WORK INSTRUCTION
Down to the last line of the listing, starting at the one with "this 600×400 image.", retype each line exactly. Do not copy the pictures.

STORED DATA
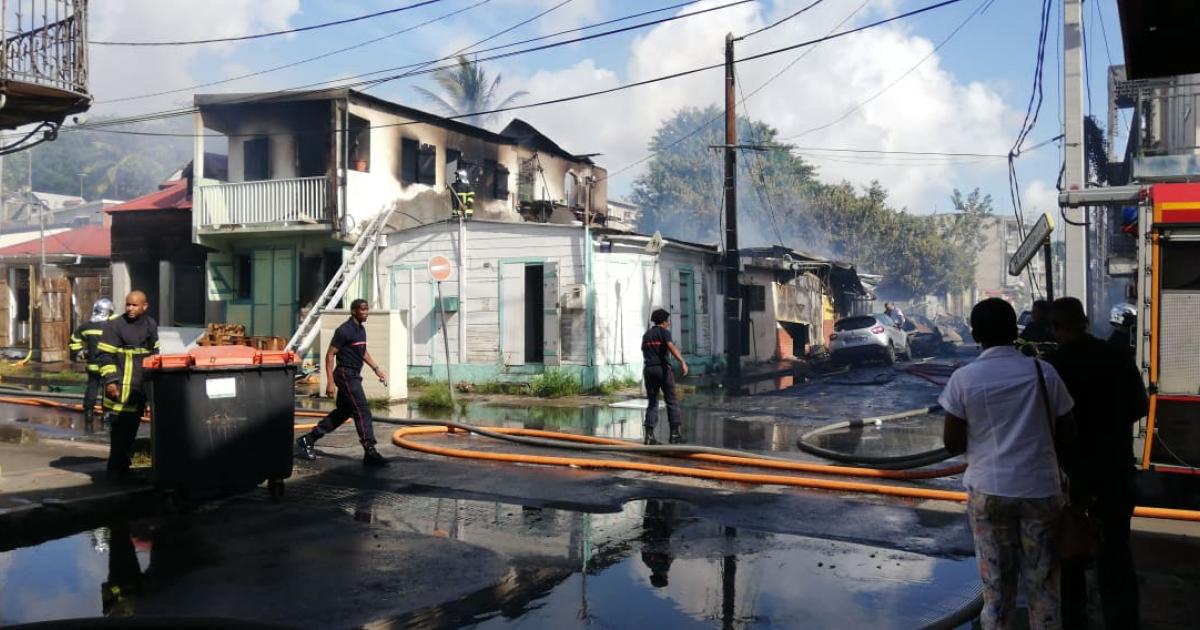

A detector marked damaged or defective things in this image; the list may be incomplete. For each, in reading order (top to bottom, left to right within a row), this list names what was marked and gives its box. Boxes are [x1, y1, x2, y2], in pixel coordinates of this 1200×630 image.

burned two-story building [190, 88, 604, 338]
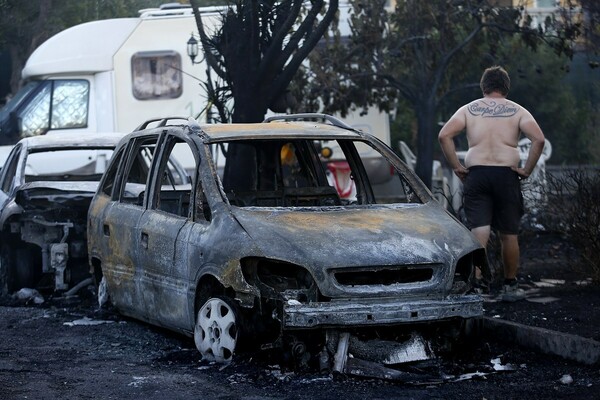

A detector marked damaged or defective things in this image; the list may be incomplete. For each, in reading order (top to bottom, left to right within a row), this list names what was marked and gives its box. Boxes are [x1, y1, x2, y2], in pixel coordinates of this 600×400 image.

fire damage [0, 133, 122, 292]
burned-out car [0, 134, 123, 294]
partially burned car [0, 134, 123, 294]
damaged wheel [193, 296, 238, 362]
fire damage [83, 114, 488, 380]
partially burned car [85, 115, 488, 366]
burned-out car [88, 114, 488, 368]
charred vehicle frame [88, 114, 488, 368]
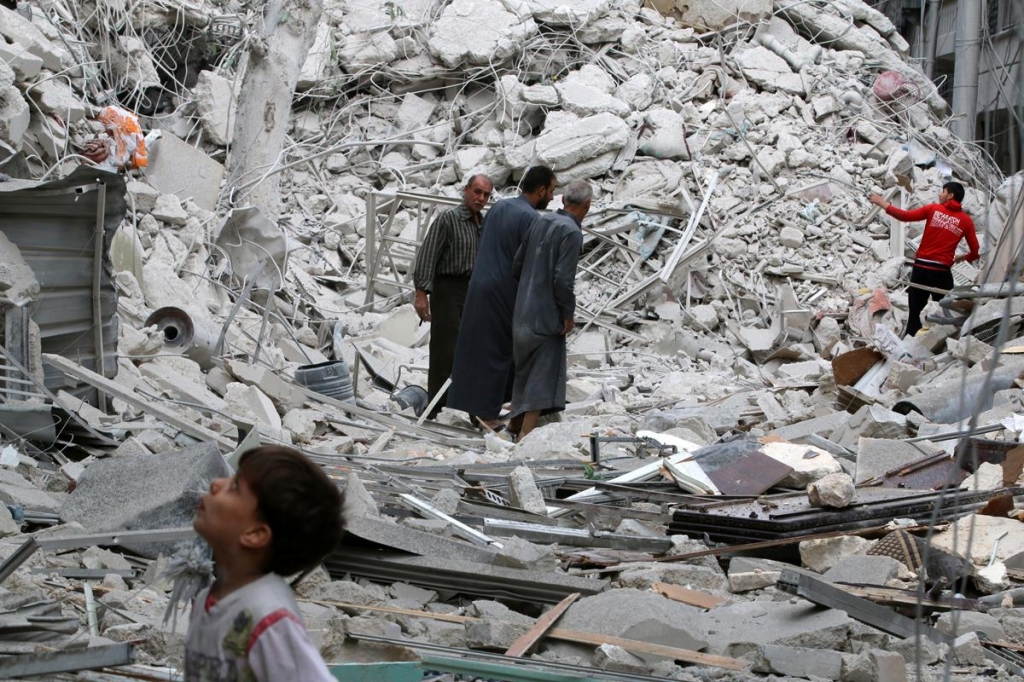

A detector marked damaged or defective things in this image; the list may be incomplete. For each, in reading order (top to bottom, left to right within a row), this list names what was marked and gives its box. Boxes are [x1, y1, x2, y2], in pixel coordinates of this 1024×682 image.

rusty metal sheet [708, 450, 794, 493]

COMPLETED TASK
A detector marked damaged or defective things in this image; the list may be incomplete. For each, in reading order (top to bottom, left to right within a row), this list names what was marked and gives its box. Boxes are [x1, y1, x2, y2], in pixel coordinates of this 600×400 image.

fire damage [0, 133, 122, 292]
burned-out car [0, 134, 123, 294]
partially burned car [0, 134, 123, 294]
damaged wheel [193, 296, 238, 362]
fire damage [83, 114, 488, 380]
partially burned car [85, 115, 488, 366]
burned-out car [88, 114, 488, 368]
charred vehicle frame [88, 114, 488, 368]

A detector marked damaged or defective things in this image; the list may be incomplete. For each, in reading order (top to bottom, left to right within a row), this list names what was marked and gives its box. Boxes are [x1, y1, x2, y2], in pixel coordinates of this 1024×682 image.

rusty metal sheet [708, 450, 794, 493]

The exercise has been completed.